First of all, be realistic. The perfect deal does not exist, and the perfect time to buy does not exist. If you are serious about buying, become as prepared as possible, and be flexible. Get pre-qualified by a reputable lender. Know how much mortgage debt you can afford. Factor in expected property taxes and homeowners’ insurance premiums. Understand what your likely income tax obligation will be. You will then know your price range for a purchase.
If you are ready, don’t delay. Make house hunting a priority. Interest rates likely will rise more, so this may be a good time to jump in. To have the advantage on the stiff competition, find a knowledgeable, enthusiastic real estate agent you can trust. Make his or her job easier by having that letter from a lender showing that you qualify for the loan you need. Get your own credit reports, so you don’t find an unpleasant surprise late in the process.
If you don’t have to sell a house or anything else in order to purchase, make sure the seller’s representative knows that. Your offer will be more attractive to a seller.
Finally, when you make an offer, be prepared to justify it. Even if you give a “low-ball” offer and expect to come up considerably in your price, many sellers will feel that you are wasting their time and will not even make a counter offer, especially in this, a sellers’ market.
You might find that you are in a “bidding war” where other buyers have offered more than the seller is asking. Whether what you are told about other offers is true can be a stressful guessing game. So you need to know the market as well as anyone. To be successful, you must do your homework.

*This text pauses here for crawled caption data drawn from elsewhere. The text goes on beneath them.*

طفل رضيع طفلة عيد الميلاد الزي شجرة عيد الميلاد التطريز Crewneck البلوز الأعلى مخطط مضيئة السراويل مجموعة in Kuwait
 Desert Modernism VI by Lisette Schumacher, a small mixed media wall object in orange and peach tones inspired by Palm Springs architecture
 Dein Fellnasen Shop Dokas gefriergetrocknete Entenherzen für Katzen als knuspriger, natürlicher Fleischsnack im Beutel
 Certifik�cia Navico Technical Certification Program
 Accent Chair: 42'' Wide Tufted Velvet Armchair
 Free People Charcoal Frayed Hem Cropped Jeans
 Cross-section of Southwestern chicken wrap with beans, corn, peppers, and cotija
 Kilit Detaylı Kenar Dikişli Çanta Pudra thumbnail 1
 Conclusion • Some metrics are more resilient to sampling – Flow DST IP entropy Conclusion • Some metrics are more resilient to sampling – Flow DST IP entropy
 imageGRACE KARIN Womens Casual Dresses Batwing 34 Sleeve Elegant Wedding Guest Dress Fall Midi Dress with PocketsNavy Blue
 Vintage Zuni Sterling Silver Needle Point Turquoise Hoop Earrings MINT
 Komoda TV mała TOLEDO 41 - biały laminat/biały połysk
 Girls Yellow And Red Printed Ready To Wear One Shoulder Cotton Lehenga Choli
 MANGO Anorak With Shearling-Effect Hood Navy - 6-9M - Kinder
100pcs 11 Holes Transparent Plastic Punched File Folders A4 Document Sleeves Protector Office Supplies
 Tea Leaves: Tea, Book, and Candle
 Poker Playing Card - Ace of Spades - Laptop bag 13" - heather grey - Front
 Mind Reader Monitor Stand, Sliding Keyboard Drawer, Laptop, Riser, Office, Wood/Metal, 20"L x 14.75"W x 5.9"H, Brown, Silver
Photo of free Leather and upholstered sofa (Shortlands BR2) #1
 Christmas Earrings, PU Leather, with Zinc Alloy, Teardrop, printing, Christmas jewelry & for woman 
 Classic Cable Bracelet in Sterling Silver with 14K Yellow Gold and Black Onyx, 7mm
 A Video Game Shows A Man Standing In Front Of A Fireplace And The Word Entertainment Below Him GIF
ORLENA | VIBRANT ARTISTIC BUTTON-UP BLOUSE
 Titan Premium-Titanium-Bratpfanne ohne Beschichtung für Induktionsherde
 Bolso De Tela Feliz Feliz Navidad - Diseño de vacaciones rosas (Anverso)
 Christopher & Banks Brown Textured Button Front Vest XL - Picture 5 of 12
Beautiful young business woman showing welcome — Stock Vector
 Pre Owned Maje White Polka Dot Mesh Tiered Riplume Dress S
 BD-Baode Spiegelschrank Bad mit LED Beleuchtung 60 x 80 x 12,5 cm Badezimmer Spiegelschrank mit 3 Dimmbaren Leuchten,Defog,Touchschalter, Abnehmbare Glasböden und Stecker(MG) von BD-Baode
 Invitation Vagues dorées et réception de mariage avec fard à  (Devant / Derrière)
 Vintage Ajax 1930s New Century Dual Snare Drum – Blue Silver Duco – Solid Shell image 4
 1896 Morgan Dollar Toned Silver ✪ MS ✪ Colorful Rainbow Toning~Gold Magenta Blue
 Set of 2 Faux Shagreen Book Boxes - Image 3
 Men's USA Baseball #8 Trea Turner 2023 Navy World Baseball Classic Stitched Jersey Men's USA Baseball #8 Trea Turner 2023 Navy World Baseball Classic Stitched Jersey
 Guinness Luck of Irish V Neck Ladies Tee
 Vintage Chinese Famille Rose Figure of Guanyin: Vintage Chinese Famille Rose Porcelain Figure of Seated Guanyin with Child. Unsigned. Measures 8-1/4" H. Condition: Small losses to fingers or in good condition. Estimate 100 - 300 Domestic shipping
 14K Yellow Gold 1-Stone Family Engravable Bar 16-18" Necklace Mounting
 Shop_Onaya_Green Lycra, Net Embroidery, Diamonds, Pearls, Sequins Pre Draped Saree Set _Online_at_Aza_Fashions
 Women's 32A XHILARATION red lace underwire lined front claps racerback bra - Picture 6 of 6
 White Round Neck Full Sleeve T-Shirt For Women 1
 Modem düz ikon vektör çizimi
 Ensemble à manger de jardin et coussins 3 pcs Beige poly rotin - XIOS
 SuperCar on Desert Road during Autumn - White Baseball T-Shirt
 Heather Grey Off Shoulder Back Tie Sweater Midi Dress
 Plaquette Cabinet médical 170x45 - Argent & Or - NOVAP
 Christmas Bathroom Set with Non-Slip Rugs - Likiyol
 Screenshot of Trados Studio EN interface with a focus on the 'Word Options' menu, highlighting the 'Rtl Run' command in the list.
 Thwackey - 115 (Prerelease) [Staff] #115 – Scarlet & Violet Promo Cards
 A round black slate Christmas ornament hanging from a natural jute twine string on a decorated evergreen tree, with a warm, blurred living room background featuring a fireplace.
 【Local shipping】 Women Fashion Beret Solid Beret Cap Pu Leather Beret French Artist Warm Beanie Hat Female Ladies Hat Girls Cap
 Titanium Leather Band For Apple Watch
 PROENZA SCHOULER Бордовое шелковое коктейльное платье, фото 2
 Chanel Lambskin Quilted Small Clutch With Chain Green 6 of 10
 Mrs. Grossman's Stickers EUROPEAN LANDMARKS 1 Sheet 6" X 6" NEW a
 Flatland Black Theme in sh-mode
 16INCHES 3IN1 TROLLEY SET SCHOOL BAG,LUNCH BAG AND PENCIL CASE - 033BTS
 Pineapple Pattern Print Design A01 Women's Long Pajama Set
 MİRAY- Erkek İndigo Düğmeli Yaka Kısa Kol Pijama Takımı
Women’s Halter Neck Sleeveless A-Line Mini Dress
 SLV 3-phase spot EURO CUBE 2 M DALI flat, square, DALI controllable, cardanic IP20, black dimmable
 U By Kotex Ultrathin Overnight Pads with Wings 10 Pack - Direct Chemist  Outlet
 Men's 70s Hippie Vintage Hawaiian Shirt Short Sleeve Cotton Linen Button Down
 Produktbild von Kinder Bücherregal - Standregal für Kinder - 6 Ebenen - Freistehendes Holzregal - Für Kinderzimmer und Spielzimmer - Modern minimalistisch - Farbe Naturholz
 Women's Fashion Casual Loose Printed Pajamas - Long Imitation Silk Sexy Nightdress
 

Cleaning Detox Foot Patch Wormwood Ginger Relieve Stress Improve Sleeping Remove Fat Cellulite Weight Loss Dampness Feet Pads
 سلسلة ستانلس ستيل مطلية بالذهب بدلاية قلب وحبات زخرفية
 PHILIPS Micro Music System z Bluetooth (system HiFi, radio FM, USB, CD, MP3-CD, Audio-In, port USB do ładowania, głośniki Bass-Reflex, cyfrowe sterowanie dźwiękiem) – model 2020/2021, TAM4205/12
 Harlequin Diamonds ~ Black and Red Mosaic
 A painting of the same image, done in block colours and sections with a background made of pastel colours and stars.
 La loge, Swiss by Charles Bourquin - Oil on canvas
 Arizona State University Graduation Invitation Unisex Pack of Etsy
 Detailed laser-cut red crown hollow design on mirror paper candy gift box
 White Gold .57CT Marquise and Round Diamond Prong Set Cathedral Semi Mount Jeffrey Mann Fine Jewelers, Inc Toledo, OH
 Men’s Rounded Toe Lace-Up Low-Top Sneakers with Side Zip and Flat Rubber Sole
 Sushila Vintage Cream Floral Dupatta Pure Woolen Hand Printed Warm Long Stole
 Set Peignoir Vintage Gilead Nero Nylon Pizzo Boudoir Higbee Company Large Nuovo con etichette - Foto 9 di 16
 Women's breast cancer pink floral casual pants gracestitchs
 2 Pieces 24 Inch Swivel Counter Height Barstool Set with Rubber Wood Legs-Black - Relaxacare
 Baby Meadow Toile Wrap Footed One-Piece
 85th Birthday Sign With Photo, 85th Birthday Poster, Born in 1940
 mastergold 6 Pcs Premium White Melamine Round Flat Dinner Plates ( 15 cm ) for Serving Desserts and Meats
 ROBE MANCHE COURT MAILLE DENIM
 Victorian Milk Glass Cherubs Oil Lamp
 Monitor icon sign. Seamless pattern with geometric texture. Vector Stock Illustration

If your offer is accepted, you need to know what to expect next. For step-by-step advice, read my article “How to Buy A Home” on my website at www.BollhoferLaw.com.
Copyright 2018 Joseph A. Bollhofer, Esq.
Editor’s Note:Joseph A. Bollhofer is an attorney practicing law since 1985 in the areas of real estate, elder law, Medicaid and estate and business planning and administration. He is also the president of Downstate Title Agency, Inc. His legal advice has appeared several times in Newsday’s “Ask the Expert” column, a weekly feature dedicated to elder law and estate planning issues, and in Bar Association journals. He is a member of the National Academy of Elder Law Attorneys, and of the Elder Law and Surrogate’s Court Committees of the Suffolk County Bar Association, currently serves as chair of the SCBA’s Real Property Law Committee, and is a member of the Real Property, Elder Law and Trusts & Estates Law Sections of the New York State Bar Association. His office is located at 291 Lake Ave., St. James, NY. He can be reached at firstname.lastname@example.org or 631-584-0100.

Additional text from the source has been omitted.